Stemflow Dynamics in the Jamari National Forest (Brazilian Amazon): II. Solute Concentrations and Flux Dynamics

Trees can redirect large volumes of rainwater to the base of their stems. This stemflow not only redistributes water but also channels canopy-derived solutes to the forest floor. Building on research showing canopy geometry and bark properties govern stemflow volumes, we examined how those same traits modulate the biogeochemical side of this flux.
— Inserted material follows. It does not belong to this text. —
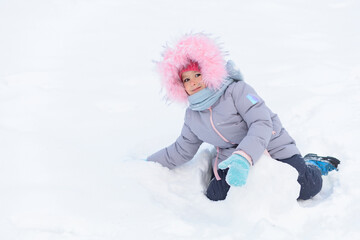 Kid playing with snowballs in fortress. Little cute ruddy girl with red cheeks throwing snow, building snowman. Christmas vacation with child in frosty winter Park. Wintertime, active game outdoor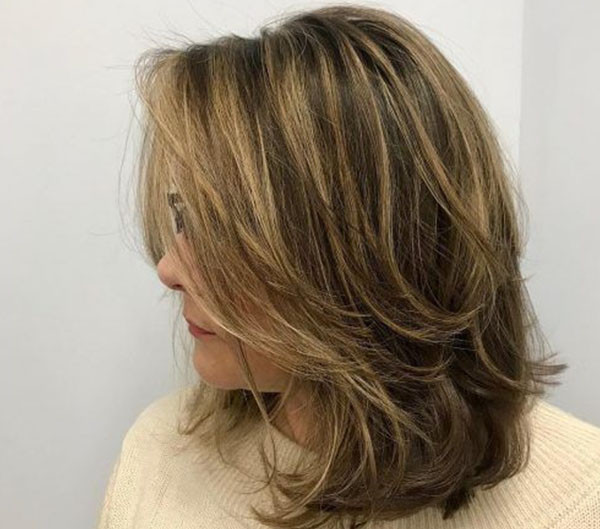 Medium Brown Shag with Blonde Highlights — It Features Blonde Highlights Throughout Medium Brown Shag with Blonde Highlights — It Features Blonde Highlights Throughout — Brown Hair Over 50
Over a 12-month period in Jamari National Forest (Brazil), we quantified stemflow volume and solute chemistry for 19 trees grouped by diameter at breast height (D: < 10, 10–20 and > 20 cm), crown area (CA: < 30, 30–60 and > 60 m2) and bark texture (smooth, fissured and rough). Small-stemmed, smooth-barked trees produced the greatest stemflow yields, whereas large-stemmed, rough-barked trees generated lower volumes but higher mean ion concentrations. Macronutrient-rich species appear to flip the usual water-flux story on its head. For example, calcium and potassium (two key nutrients for plant growth) rose sharply from 1.1 kg-Ca2+ ha−1 and 4.9 kg-K+ ha−1 in small, smooth-barked trees to 6.3 and 7.7 kg ha−1, respectively, in large rough-barked individuals. In contrast, trace anions such as chloride and bromide declined with size and roughness (Cl−: 1.3 to 0.4 kg ha−1; Br−: 0.20 to 0.03 kg ha−1). These contrasting patterns show that although small, smooth trees may dominate stemflow water routing, older, structurally complex trees disproportionately deliver the nutrients that drive forest productivity. Consequently, conserving structural diversity—including mature, rough-barked specimens—is essential for maintaining biogeochemical cycling in Amazonian forests threatened by deforestation and climate change.